La Cour de justice de l’Union européenne, se fondant tant sur la directive 2014/241 que sur la « directive recours »2 , apporte des précisions quant au traitement par l’acheteur public et, le cas échéant, par le juge, des informations confidentielles communiquées par un opérateur économique dans le cadre d’une procédure de passation d’un marché public.

Cette décision a été rendue suite à l’initiative de la Cour Suprême de Lituanie, de poser plusieurs questions préjudicielles à la Cour de justice de l’Union Européenne.

Ce qui a, en particulier, donné l’occasion à la Grande Chambre d’apporter des précisions sur la protection des savoir-faire et des informations commerciales non divulguées (secret des affaires) dans les marchés publics.

Il était, ainsi, question de savoir si un candidat évincé d’un marché public pouvait se voir communiquer, conformément à son droit d’obtenir les caractéristiques et les avantages relatifs à l’offre retenue ainsi que le nom du titulaire, des informations confidentielles.

D’abord la Cour admet que la décision du pouvoir adjudicateur de refuser de communiquer les informations confidentielles, contenues dans l’offre d’un opérateur économique, est une décision susceptible de recours.

Ensuite, la Cour juge qu’en principe, il n’appartient pas au pouvoir adjudicateur de divulguer de telles informations notamment « lorsque leur divulgation serait contraire à l’intérêt public, porterait préjudice aux intérêts commerciaux légitimes d’un opérateur économique particulier, public ou privé, ou pourrait nuire à une concurrence loyale entre les opérateurs économiques. »

Pour autant, pour être protégées par la confidentialité tenant au secret des affaires, il appartient à l’opérateur économique de démontrer le caractère confidentiel de ces informations, qui peut, par exemple, tenir aux secrets techniques ou commerciales.

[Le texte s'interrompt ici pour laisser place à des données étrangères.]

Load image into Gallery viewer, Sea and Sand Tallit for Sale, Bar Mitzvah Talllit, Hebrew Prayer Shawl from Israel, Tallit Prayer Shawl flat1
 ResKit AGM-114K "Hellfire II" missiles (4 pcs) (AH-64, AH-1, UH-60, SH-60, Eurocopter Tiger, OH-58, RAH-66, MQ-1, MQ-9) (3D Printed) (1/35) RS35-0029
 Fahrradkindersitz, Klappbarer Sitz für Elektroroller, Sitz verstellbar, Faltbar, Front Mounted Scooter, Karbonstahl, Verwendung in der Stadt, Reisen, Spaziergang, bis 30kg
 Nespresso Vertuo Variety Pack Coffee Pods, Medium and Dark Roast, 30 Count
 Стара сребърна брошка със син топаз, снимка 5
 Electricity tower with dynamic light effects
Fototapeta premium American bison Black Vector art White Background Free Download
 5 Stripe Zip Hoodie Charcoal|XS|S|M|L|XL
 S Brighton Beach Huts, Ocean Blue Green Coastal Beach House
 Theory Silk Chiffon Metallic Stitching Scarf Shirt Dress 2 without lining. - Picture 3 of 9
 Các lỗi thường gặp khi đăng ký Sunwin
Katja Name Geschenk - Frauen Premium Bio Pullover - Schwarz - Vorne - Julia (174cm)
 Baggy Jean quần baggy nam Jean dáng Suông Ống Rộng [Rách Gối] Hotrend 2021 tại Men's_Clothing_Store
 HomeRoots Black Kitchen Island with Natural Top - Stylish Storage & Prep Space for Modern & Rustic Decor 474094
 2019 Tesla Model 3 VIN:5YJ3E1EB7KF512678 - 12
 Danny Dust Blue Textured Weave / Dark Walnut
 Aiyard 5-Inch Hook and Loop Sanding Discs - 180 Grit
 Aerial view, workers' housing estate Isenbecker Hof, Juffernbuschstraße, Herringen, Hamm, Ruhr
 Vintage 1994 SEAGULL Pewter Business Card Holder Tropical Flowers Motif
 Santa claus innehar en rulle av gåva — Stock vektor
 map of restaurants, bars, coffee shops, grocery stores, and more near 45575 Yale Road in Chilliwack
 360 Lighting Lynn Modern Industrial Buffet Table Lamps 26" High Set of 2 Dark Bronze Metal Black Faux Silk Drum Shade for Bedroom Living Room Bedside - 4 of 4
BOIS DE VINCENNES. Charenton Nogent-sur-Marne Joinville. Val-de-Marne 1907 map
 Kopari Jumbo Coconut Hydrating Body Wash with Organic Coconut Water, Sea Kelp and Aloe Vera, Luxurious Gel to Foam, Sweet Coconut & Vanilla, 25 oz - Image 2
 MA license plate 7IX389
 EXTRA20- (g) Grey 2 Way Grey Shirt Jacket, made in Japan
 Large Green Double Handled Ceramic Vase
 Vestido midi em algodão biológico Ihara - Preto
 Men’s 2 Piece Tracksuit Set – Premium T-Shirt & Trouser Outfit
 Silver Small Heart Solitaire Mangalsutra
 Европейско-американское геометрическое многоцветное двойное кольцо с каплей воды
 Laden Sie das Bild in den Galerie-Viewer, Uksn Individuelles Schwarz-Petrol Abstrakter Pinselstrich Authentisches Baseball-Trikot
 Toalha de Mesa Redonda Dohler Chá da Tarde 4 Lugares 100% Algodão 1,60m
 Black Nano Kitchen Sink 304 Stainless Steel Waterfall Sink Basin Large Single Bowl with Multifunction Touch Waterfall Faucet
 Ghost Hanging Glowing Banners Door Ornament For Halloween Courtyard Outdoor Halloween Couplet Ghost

La Cour précise également, que lorsque le pouvoir adjudicateur entend refuser une demande de communication d’un opérateur économique portant sur des informations confidentielles, il doit motiver sa décision en faisant « apparaître clairement les motifs pour lesquels il considère que les informations auxquelles l’accès est demandé, ou à tout le moins certaines d’entre elles, sont confidentielles », mais il doit aussi de manière neutre communiquer le contenu essentiel de l’offre de l’attributaire.

Si au contraire, dans le cas où le pouvoir adjudicateur ferait droit à la demande de communication, il doit avertir l’opérateur économique bénéficiaire de cette protection, afin de lui permettre de demander soit au pouvoir adjudicateur, soit au juge la prise de mesures provisoires afin « d’éviter qu’un préjudice irrémédiable ne lui soit causé. »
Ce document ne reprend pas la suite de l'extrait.